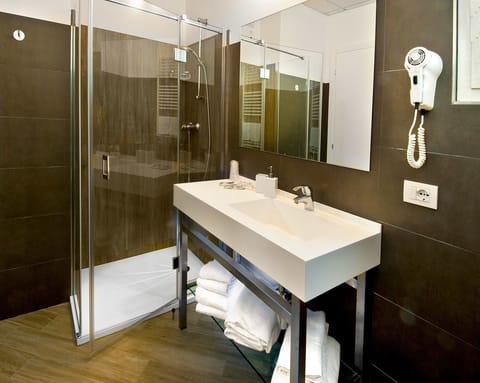 Shower, free toiletries, hair dryer, bidet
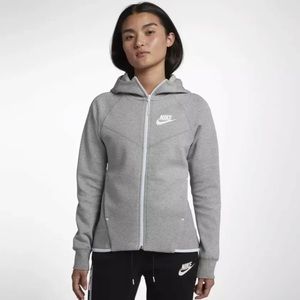 NWT Nike zip up hoodie jackie new with tags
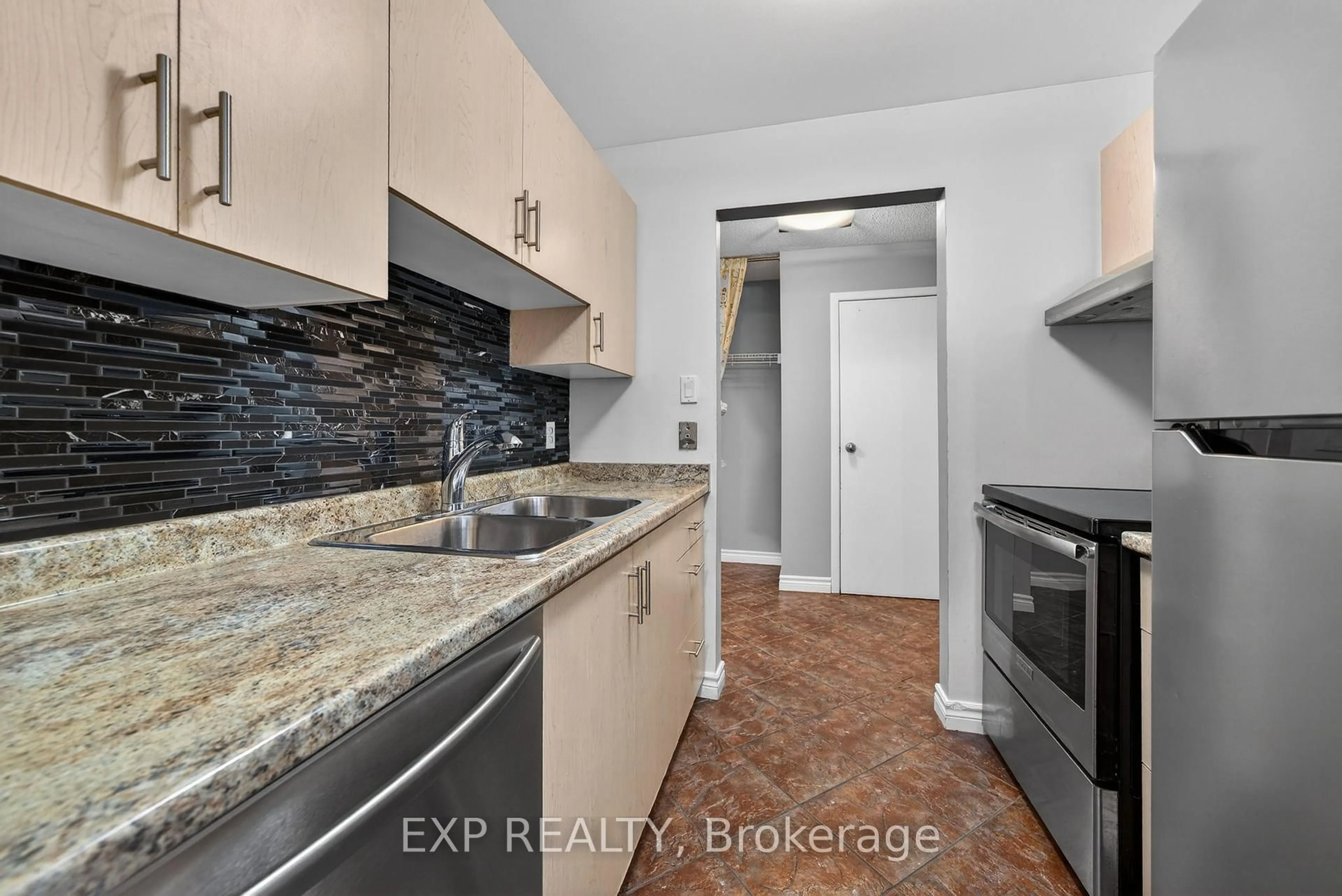 Standard kitchen, unknown for 727 Deveron Cres #211, London South Ontario N5Z 4X4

WHAT IS BEING ASKED: Reproduce, word for word, everything in the listing above except the pictures.

ANSWER SPACE:
 Shower, free toiletries, hair dryer, bidet
 NWT Nike zip up hoodie jackie new with tags
 Standard kitchen, unknown for 727 Deveron Cres #211, London South Ontario N5Z 4X4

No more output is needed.